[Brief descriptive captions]

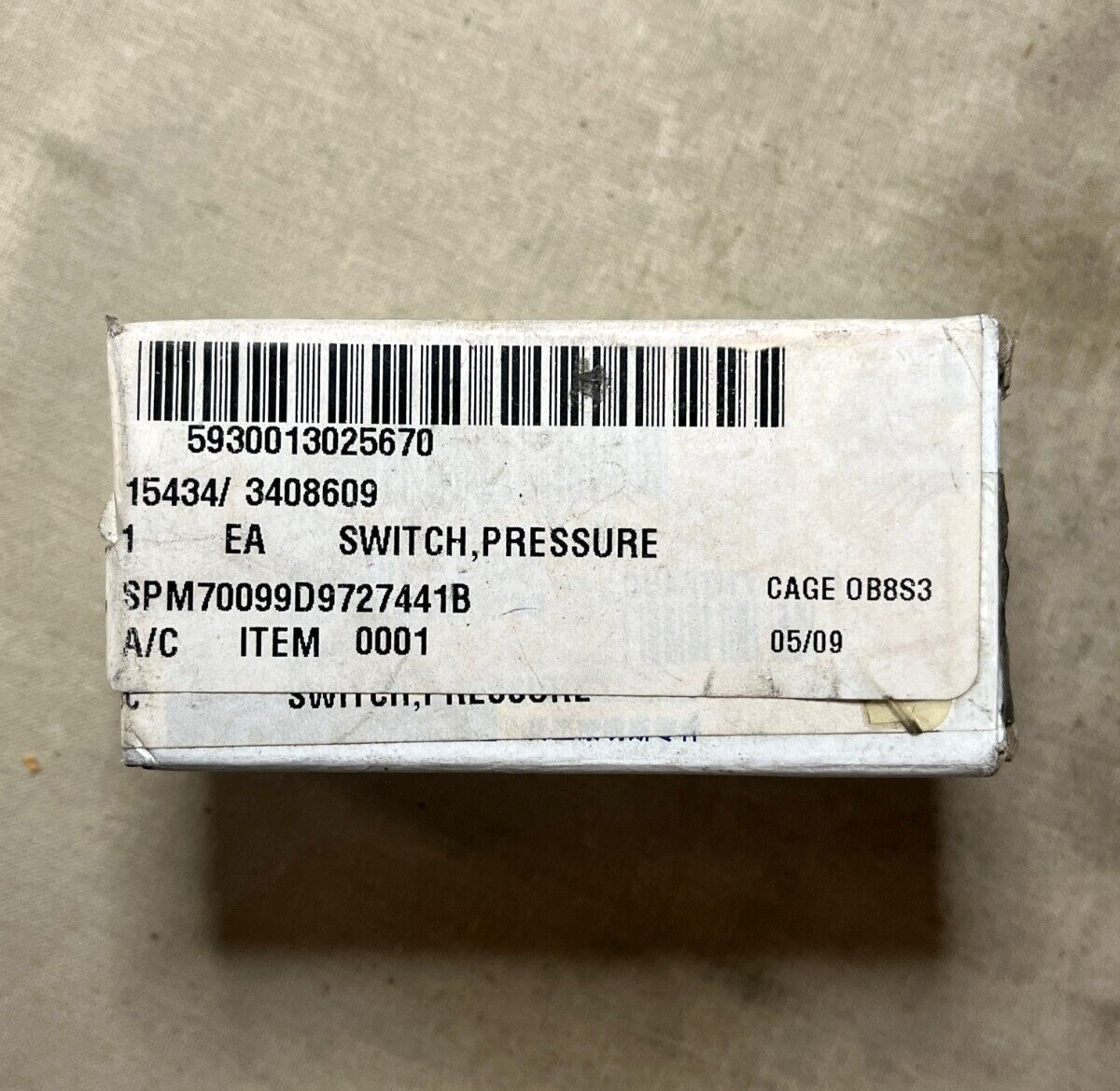 ORIGINAL BFVS CUMMINS 3408609 PRESSURE SWITCH 3056343T 3056346 5930-01-302-5670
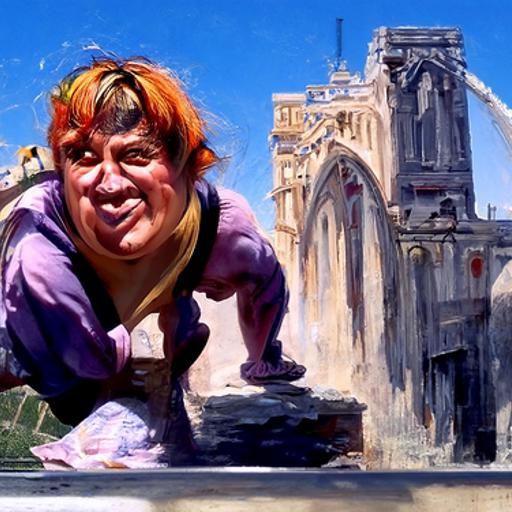 Quasimodo goes to the pride parade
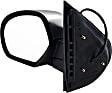 Driver Side Mirror, Power Adjust, Heated, Manual Folding, Chrome, No Signal Light, No Memory, No Puddle Light, No Auto-Dimming, No Blind Spot Feature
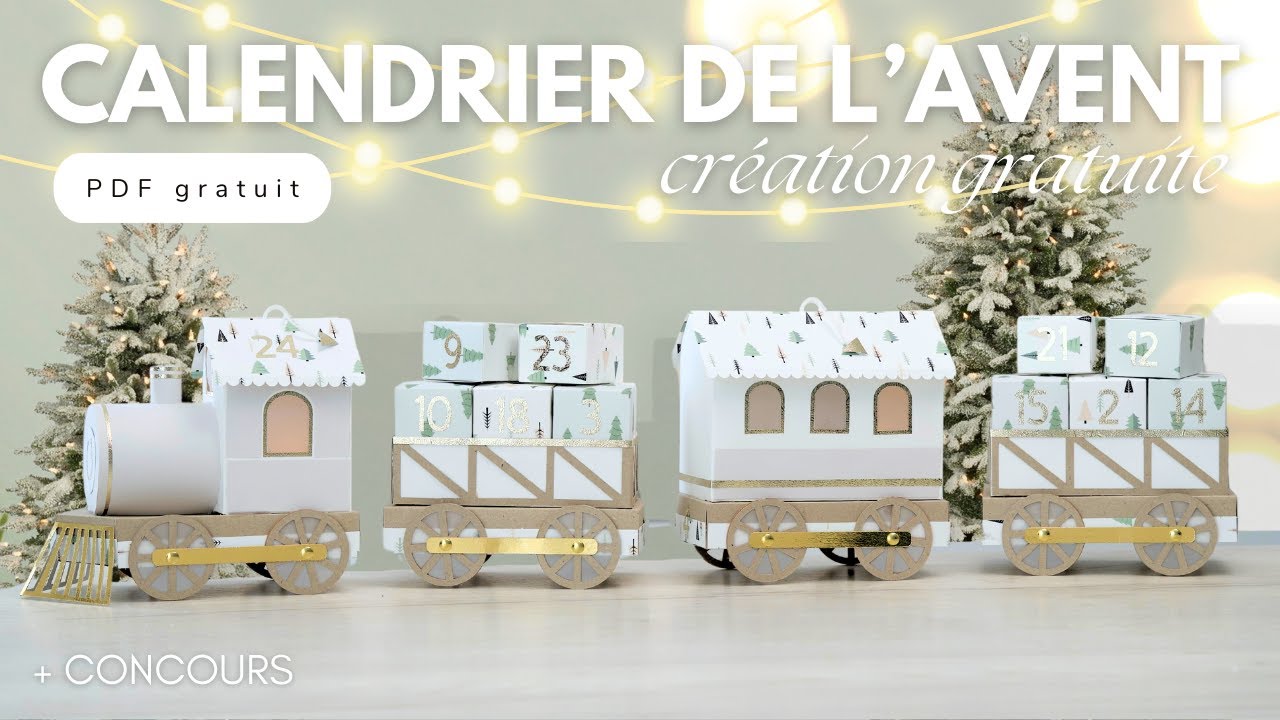 FABRIQUER GRATUITEMENT SON CALENDRIER DE L'AVENT 🎄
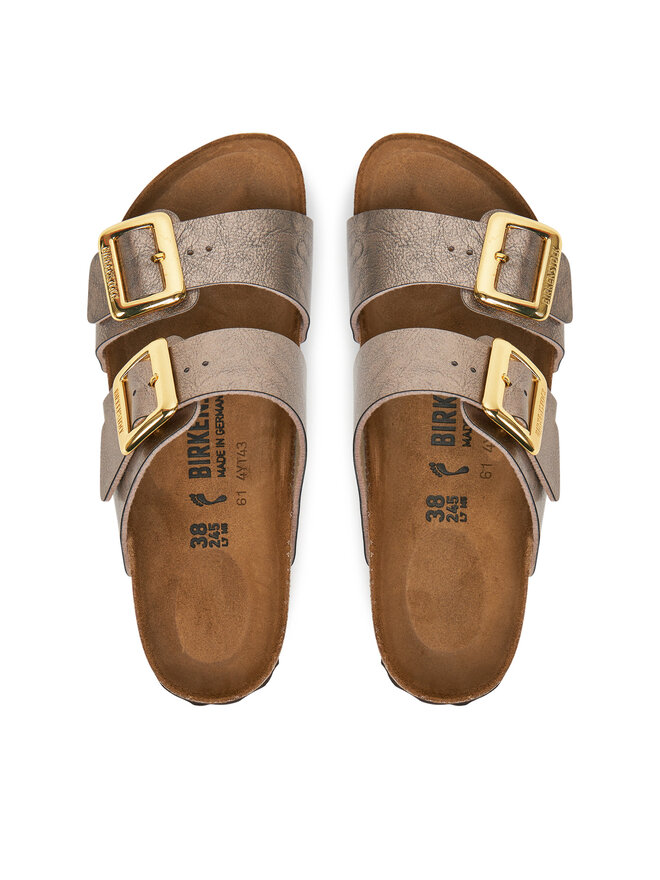 Birkenstock Papucs Birkenstock Sydney Cushion Buckle 1029372 Arany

▶ Required action:
Word for word, give back each entry from above, but skip any picture.

▶ Response to this task:
 ORIGINAL BFVS CUMMINS 3408609 PRESSURE SWITCH 3056343T 3056346 5930-01-302-5670
 Quasimodo goes to the pride parade
 Driver Side Mirror, Power Adjust, Heated, Manual Folding, Chrome, No Signal Light, No Memory, No Puddle Light, No Auto-Dimming, No Blind Spot Feature
 FABRIQUER GRATUITEMENT SON CALENDRIER DE L'AVENT 🎄
 Birkenstock Papucs Birkenstock Sydney Cushion Buckle 1029372 Arany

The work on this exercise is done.